Battlefield: Starship Graveyard

Upgrades (11)
2 x Holdout Blaster
2 x Jedi Robes
2 x DL-44 Heavy Blaster Pistol
1 x Rey’s Staff
1 x One With The Force
2 x Second Chance
1 x Hunker Down

Events (19)
2 x Unpredictable
2 x Deflect
2 x Electroshock
2 x Mind Trick
2 x Negotiate
1 x Disarm
1 x Heroism
1 x Defensive Stance
2 x Riposte
2 x Willpower
1 x Hyperspace Jump
1 x Scavenge

When I’m watching games of Destiny, it feels like the players have an unspoken agreement. They spend most of their resources playing upgrades, and since they can’t afford the rest of the card in their hand, they usually discard most of them to re-roll dice. Once most decks spend their two resources on an upgrade, the rest of their cards are just dead weight.

It’s not that I believe upgrades have zero value, but that most decks just have too many of them. By reaching a more appropriate balance between upgrades and the rest of the deck, my Han + Rey deck became significantly more adaptable and consistent. I knew going into Worlds 2017 that my theory about the game was either very wrong or very right. Proof was in the pudding, as they say.

So, how did Worlds 2017 go with only 8 cards adding dice in my deck?

Wars Not Make One Great

It only took me a handful of rounds in Swiss to realize my foresight about the Worlds 2017 meta wasn’t quite right. Even with a few meta miscalls, my approach to the deck seemed to be reinforced each round. Every time I played Mind Trick out of Han + Rey my opponents would either be amused or confused. I finished in the top 4 of the 2017 World Championship and you can watch my top 4 games below!

SPOILERS: If you watch the games, you’ll witness me drawing no upgrades. The penalty for only including 8 dice upgrades is that sometimes you don’t draw them. In testing, I could usually still win the game without upgrades. Nick wasn’t able to do much damage throughout the early turns of either game because of how much control I played. However, he was able to aggressively build his dice pool. This meant when I was drawing cards like Mind Trick, his dice pool was smallest. By the time I was drawing all upgrades, he had a large dice pool and I had little to no control.

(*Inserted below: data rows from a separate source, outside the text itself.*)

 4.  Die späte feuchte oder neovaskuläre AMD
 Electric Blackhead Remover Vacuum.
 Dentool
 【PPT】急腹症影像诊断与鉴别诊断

Difficult To See The Future Is

So, what did I get wrong about the meta? The first thing I got wrong was Jango. Back in March, I expected there to be a significant Jango presence at Worlds. In testing, Jango + 2x Trooper was supremely consistent and I still believe it to be one of the best decks in the meta. An early Jetpack on Jango can be nearly unbeatable.

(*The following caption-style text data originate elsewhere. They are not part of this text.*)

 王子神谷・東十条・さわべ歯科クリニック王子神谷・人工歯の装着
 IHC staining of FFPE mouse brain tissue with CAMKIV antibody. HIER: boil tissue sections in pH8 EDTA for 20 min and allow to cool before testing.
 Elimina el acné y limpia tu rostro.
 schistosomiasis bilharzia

The second thing I got wrong was Vader + Raider. I expected there to be some of this at the event, simply because it was the most viable way to play Darth Vader. I felt very comfortable with this match up because of my heavy control. I could often stop Vader from doing much damage at all through the first two turns, putting me way ahead on the damage curve. Negotiate can be absolutely brutal.

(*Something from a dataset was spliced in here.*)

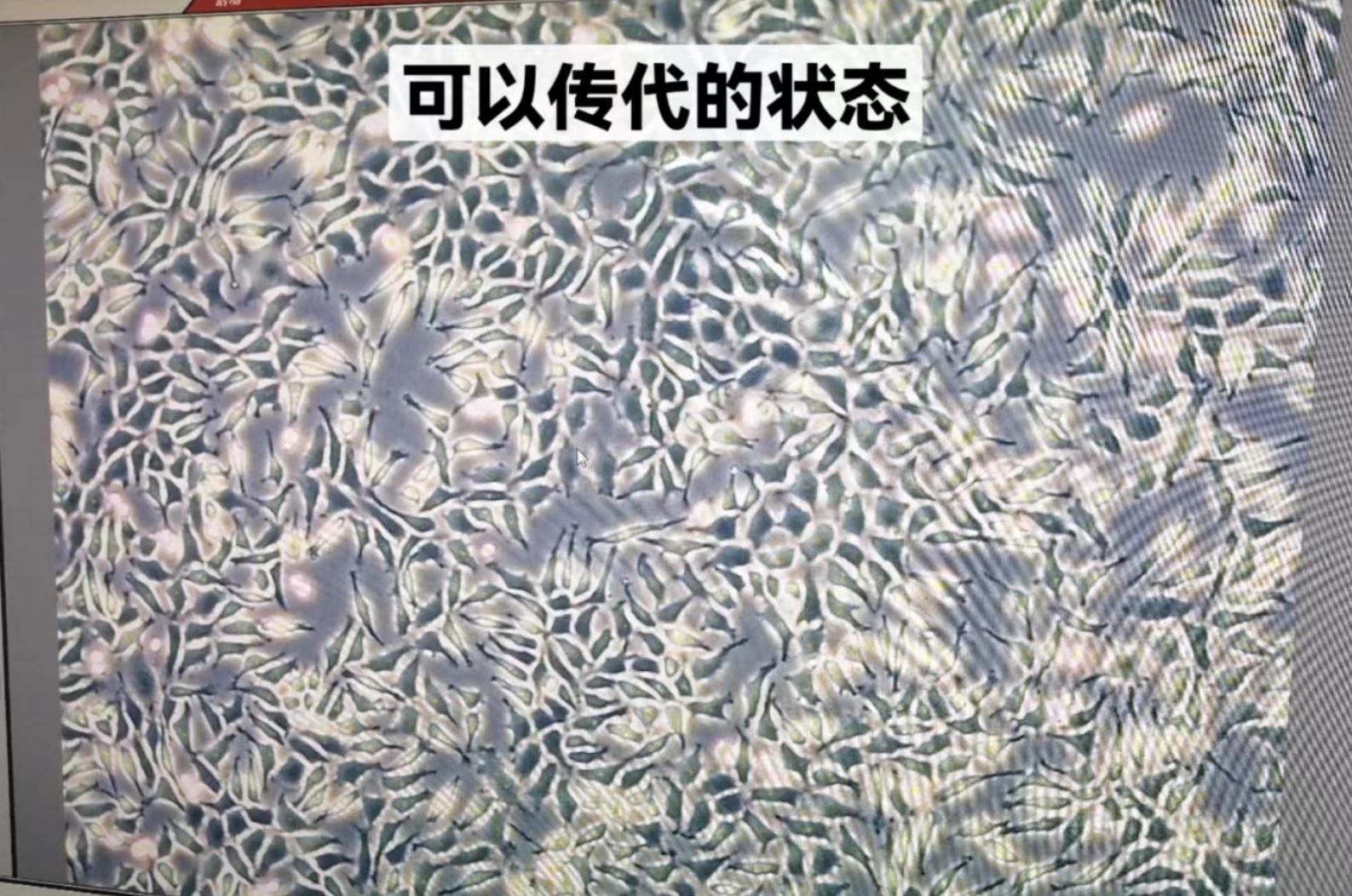 Hi科研 的想法: L929 细胞培养 传代 生物药理实验 | L929(小鼠成纤维细胞)细胞培养 取L929细胞株复苏，用10% 1640 ...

The third big thing I got wrong, and probably biggest thing, was Captain Phasma. I didn’t have her on my radar at all. There were a ton of Phasma + Bala + Trooper decks floating around and their style of play is almost the exact opposite of mine. That deck’s ability to buy time with Guardian and build its board is impressive.

If I were playing again at Worlds today, I’d definitely make some changes. The first would be to drop a Disarm for a Dodge. Disarm was in the deck for Jango, who as I mentioned was almost non-existent at the event. Dodge is a silver bullet against Jango, but it also would have given me another big control card against Phasma once her board is built. I’d consider going up to two Dodge if I had known how much Phasma I’d see at the event.

The second change would be to drop a Scavenge for another copy of Rey’s Staff. Steven specifically turned me on to Rey’s Staff late in our testing process. After using it extensively at Worlds, that card was an MVP every time it hit the board. Scavenge lets me stack a few Ambush upgrades for some insane turns and can get me upgrades when I don’t have any, but I’d rather just more consistently see Rey’s Staff.

The final change would be dropping Defensive Stance in favor of Hunker Down. I went down to a single Hunker Down after testing extensively against Vader + Raider. Hunker Down is still a good card even in those bad matches, but against Phasma and Jango it is absurd.

Are Upgrades Playable?

Yes, they are. However, I believe most players are currently overvaluing upgrades. This stems from an assumption that upgrades are more important than the rest of the cards in a deck. This assumption is left unquestioned due to players lacking a meaningful way to compare upgrades to the other cards in their deck. This keeps important cards off the table and results in inefficient decks that helps create a stale meta.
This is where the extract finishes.